Recorded data —

Start of Block

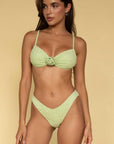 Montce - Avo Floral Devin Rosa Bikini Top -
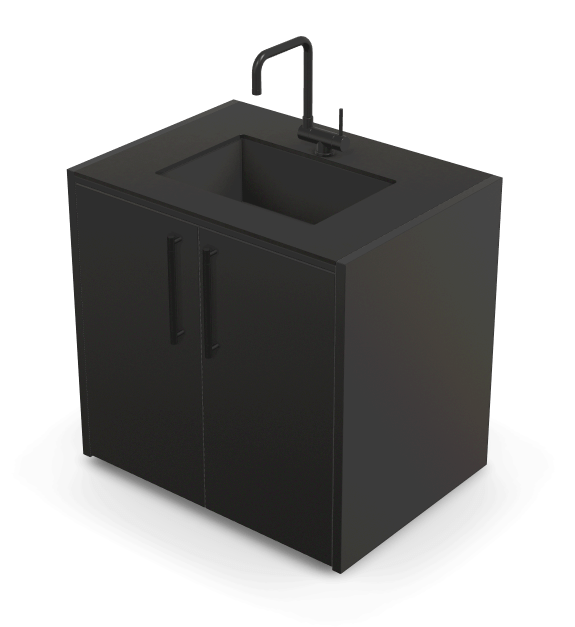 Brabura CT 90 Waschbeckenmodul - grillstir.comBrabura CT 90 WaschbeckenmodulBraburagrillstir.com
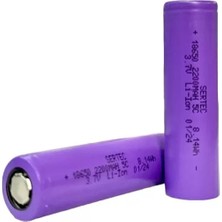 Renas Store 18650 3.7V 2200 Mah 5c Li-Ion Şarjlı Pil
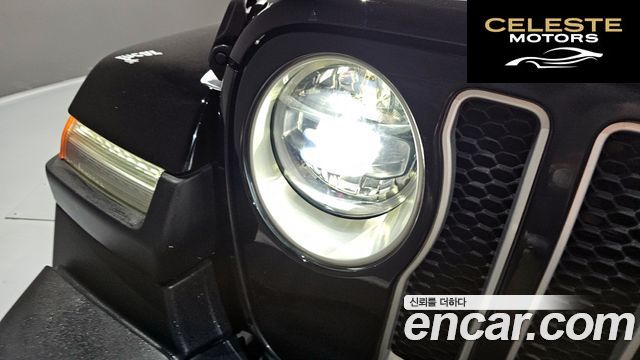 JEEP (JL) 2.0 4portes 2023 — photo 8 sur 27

End of Block
Start of Block

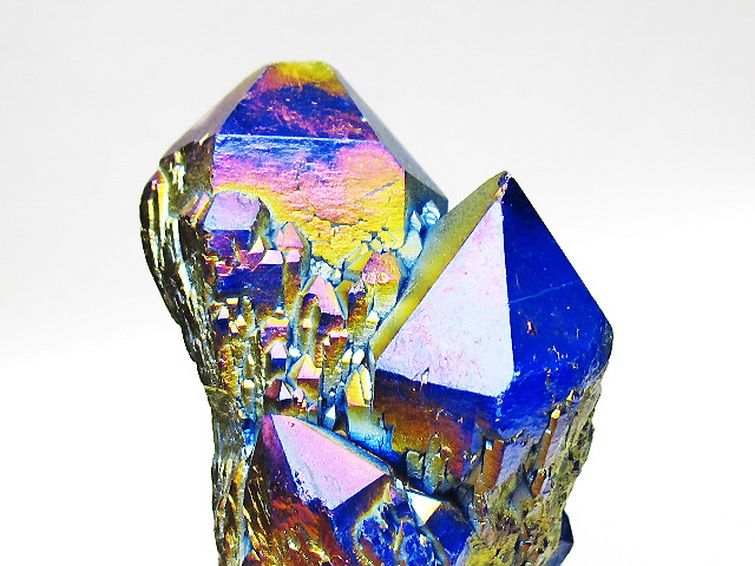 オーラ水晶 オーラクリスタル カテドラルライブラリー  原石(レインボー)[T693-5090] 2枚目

End of Block
Start of Block

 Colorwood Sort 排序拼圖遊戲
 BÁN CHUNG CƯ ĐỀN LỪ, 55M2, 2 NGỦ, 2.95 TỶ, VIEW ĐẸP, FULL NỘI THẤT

End of Block

Exercise details — Starting at the line with "Brabura CT 90 Waschbeckenmodul - grillstir.comBrabura" in the entries above, write out every line exactly until the line with "JEEP (JL) 2.0 4portes 2023 — photo 8 sur 27" has been written. Include no pictures and nothing more.

Answer box —
 Brabura CT 90 Waschbeckenmodul - grillstir.comBrabura CT 90 WaschbeckenmodulBraburagrillstir.com
 Renas Store 18650 3.7V 2200 Mah 5c Li-Ion Şarjlı Pil
 JEEP (JL) 2.0 4portes 2023 — photo 8 sur 27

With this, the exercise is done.